Today I devised a plan for how I’m going to declutter. I divided my house into decluttering “zones.” Basically, I ranked each room as to how difficult it would be to declutter it and then grouped them into five groups: 1) Attic, 2) School/Office, 3) Bedrooms/Bathroom/Living Room, 4) Kitchen, 5) Basement. I decided to go with a top-down approach since time-wise the most pressing need is to get the attic done before it gets too hot to work up there. [Divide and conquer is always a good strategy.]
The bedrooms, bathroom and living room I grouped together because they have a low volume of stuff (we’re talking small rooms). The other rooms have tons of stuff and are kind of overwhelming to me, so they each got their own zone. 90 days is about 13 weeks, so each of my zones gets two weeks for decluttering. That gives me 3 weeks left over for random days off and because I just know some things will take longer than planned (they always do).
This evening I sat up in my attic looking around trying to decide if this seemed do-able in two weeks. It seemed okay, so I’m going to go with this plan for now. Two weeks means I’m going to plan on having 10 work days to do this. I’m going to divide the work roughly in half and call that week one, and the other half week two. Then I’ll work on pacing myself each day to get through the stuff by the end of the week.
Any “extra” days will be used for finishing up, trying to find homes for anything that has a chronic “homelessness” problem, and developing systems for dealing with future clutter and projects. [This seemed like a good plan at the time, but I really wasn’t able to think about developing systems while I was doing this project. And so, here I am, years later, trying to work on getting those systems set up…]
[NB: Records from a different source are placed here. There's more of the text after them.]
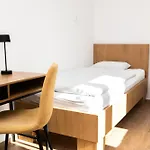 Kozjanski Dvor 3*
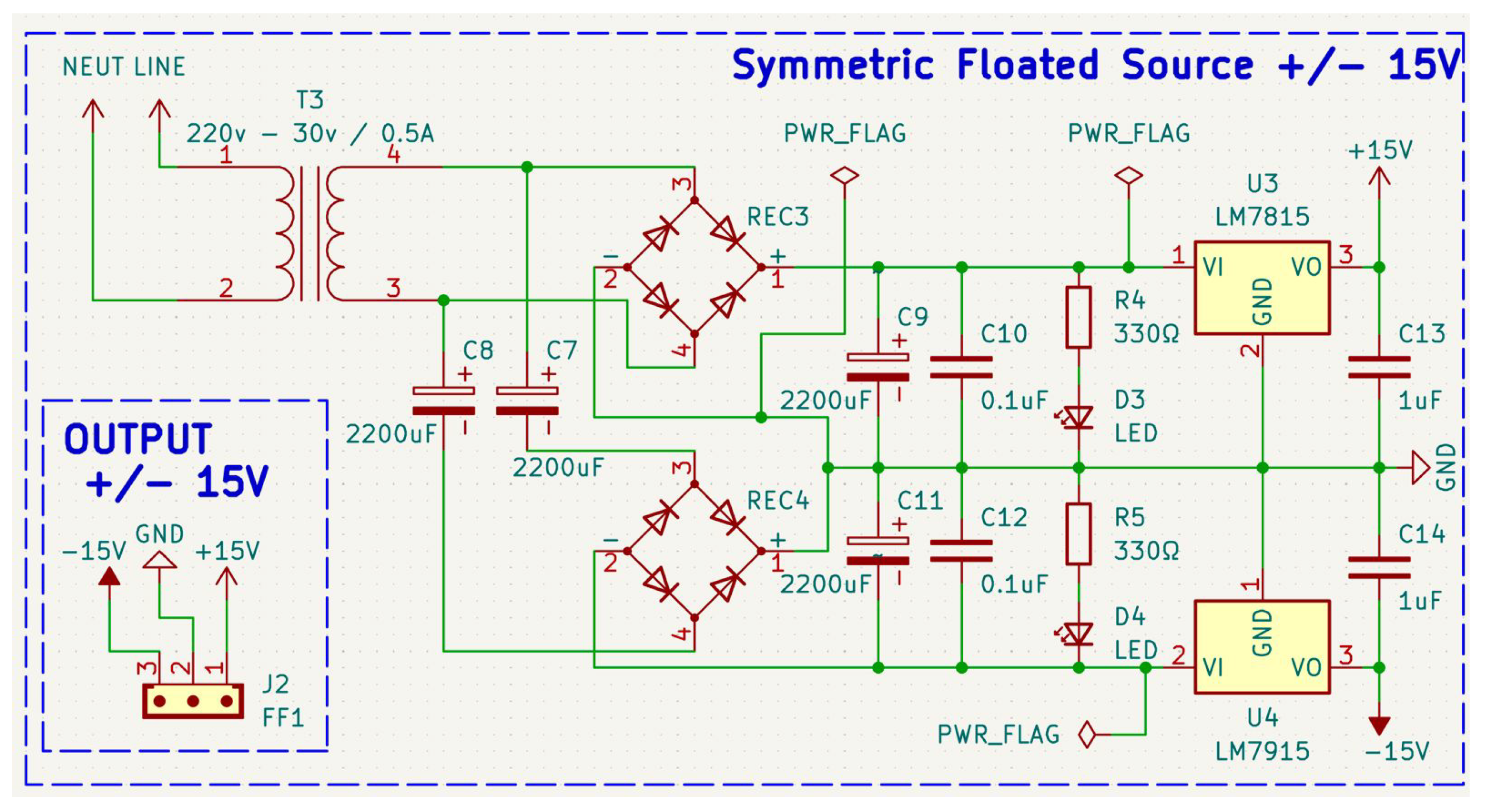 Processes 14 00519 g003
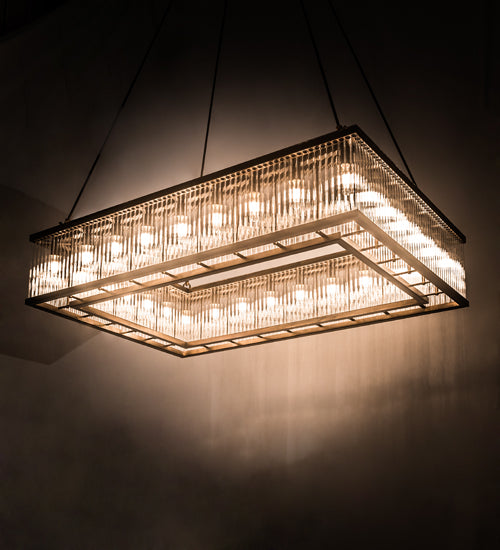 Meyda Lighting 192928 60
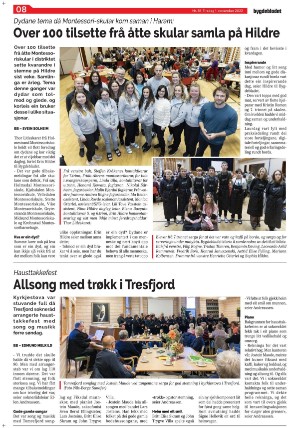 bygdebladet_ves-20221101_000_00_00_008.pdf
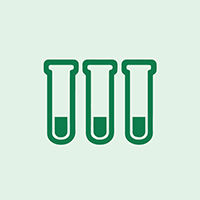Titration icon
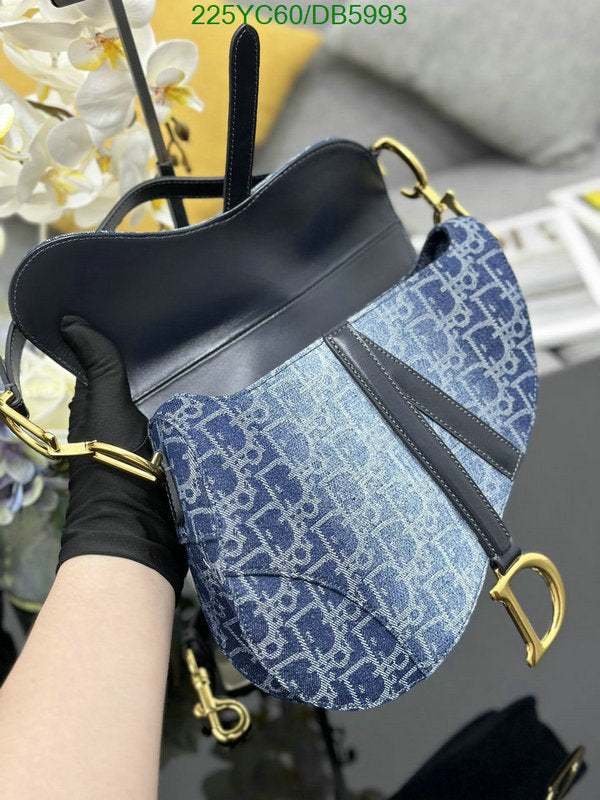 SAMCC - DOR Bags - 1078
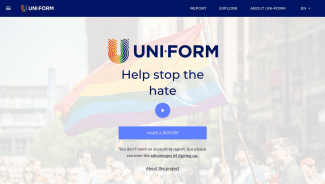 styles medium public images blog posts Adam Dupuis 2018 02 11 Screen Shot 2018 02 11 at 9.35.10 PM 0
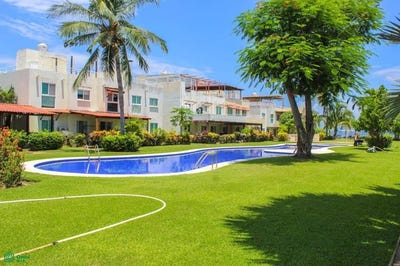 /international/mx/marina-diamante-durymar-playa-diamante-acapulco-de-juarez-guerrero-acapulco-de-juarez-guerrero-310106334929/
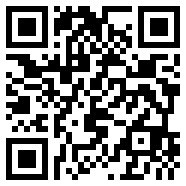 办公资源网app
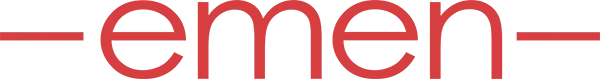 RECICLADOS EMEN 2000, S.L. logo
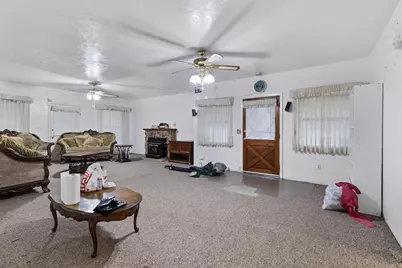 5000 Nunes Road, Turlock, CA 95382 - Photo 36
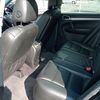 porsche cayenne 2004 5 image 11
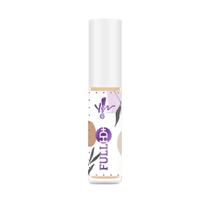 Corretivo Líquido FullHD+ Yes Make. Up B20, 4ml - Yes! Cosmetics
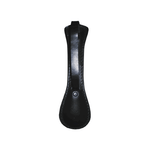 Boston Leather Junior 2 Ply Sap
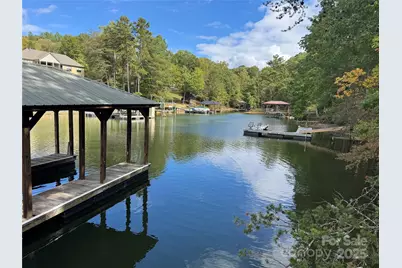 175 Abington Lane, Troutman, NC 28166 - Photo 6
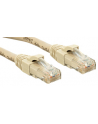Lindy Cat.6 UTP Premium 2.0m (45403) - nr 1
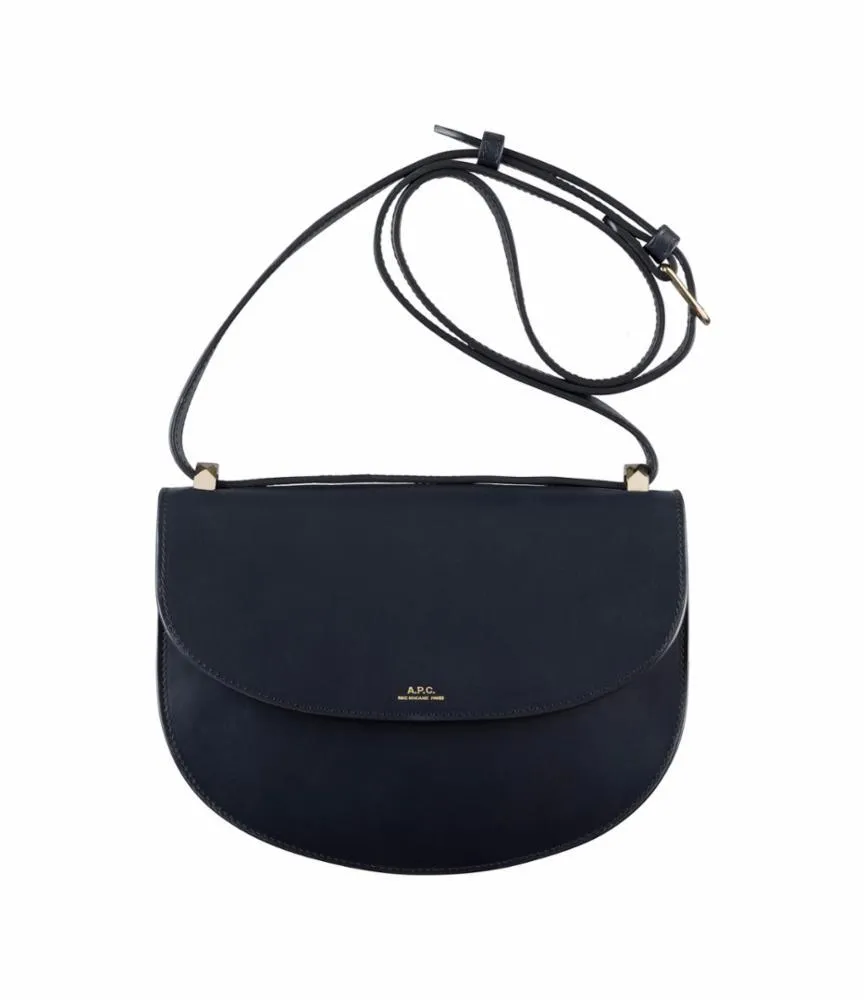 Genève Bag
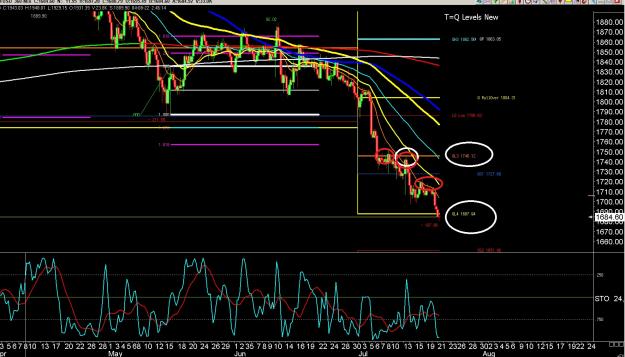 Click to Enlarge

Name: 6 gold 4.jpg
Size: 408 KB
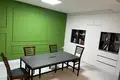 Квартира 5 комнат 153 м² Ташкент, Узбекистан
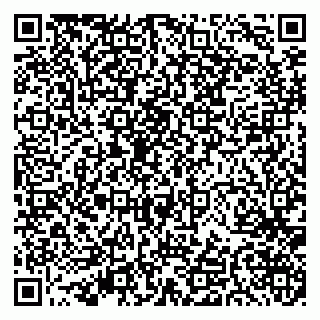 vCard 79519970304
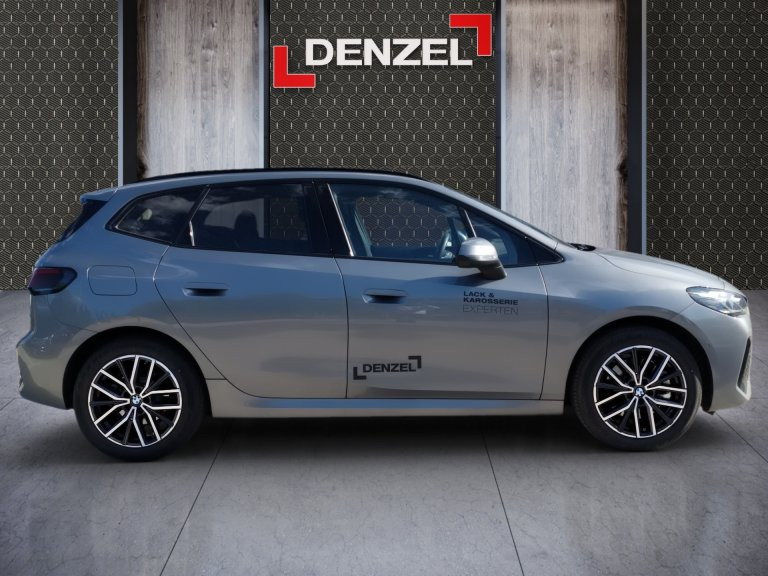 Bild 4: BMW 230e xDrive Active Tourer U06 XB2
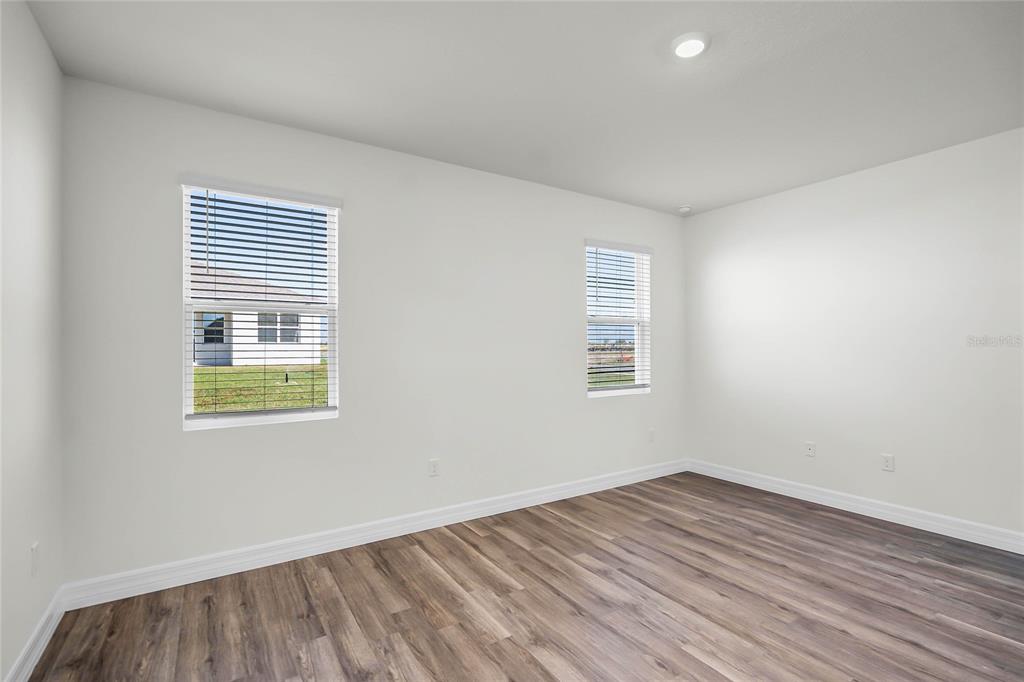 1757 Hummingbird Road Winter Haven, FL 33884 - Photo 15 of 30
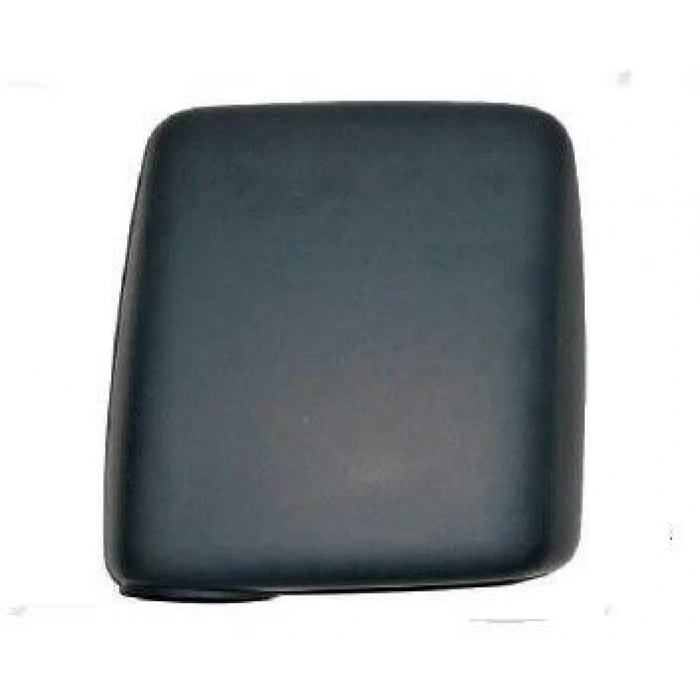 Spark Ayna Kapağı 2010 Sonrası Astarlı Sağ Oem No:96976242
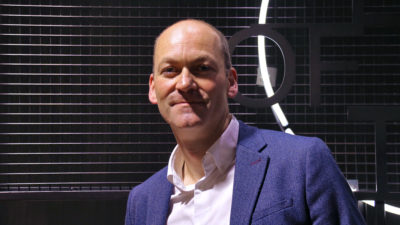 Custom Software and Digital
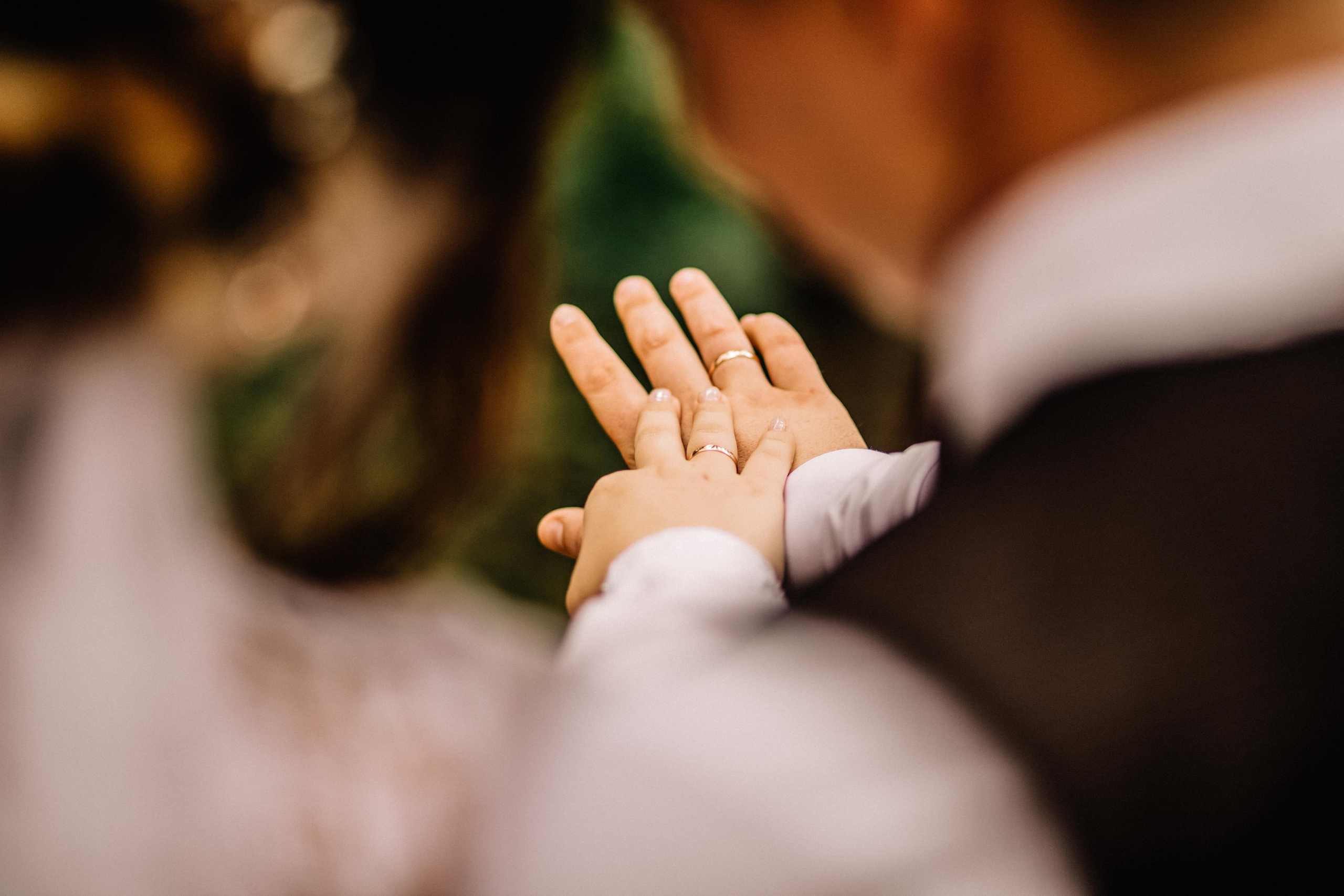 Свадьба в Курске. Семейный и свадебный фотограф в Курске Юлия Годунова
After working on my attic for a few days now, my biggest hurdle seems to be in actually disposing of stuff and not just rearranging and “neatening” it up. [So true! We are so capable of fooling ourselves by shuffling stuff instead of getting it out.] It’s tough to get rid of things I’ve had for a long time. It’s tough to admit I wasted money on something I’m just not going to use.
It’s also hard to get rid of projects I’ll never finish. It makes me feel like a “quitter” or like I’m not living up to my image of “what good moms do.” Sometimes it’s tough to let go of things because those projects remind me of who I used to be, even though I no longer have any interest in it. [Past Self, it does get easier with practice, and finite storage space has a way of convincing you you’ll have to let go of the past if you want to move into the future.]
I think I’ll go sit in my attic and try to capture the feeling of freedom I will have when I’m not weighed down by guilt, feelings of failure, and who I used to be…I’d rather think about who I’m going to be in 90 days….wouldn’t you? [That’s the spirit, Past Self! Focus on where you are headed, not the rearview mirror.]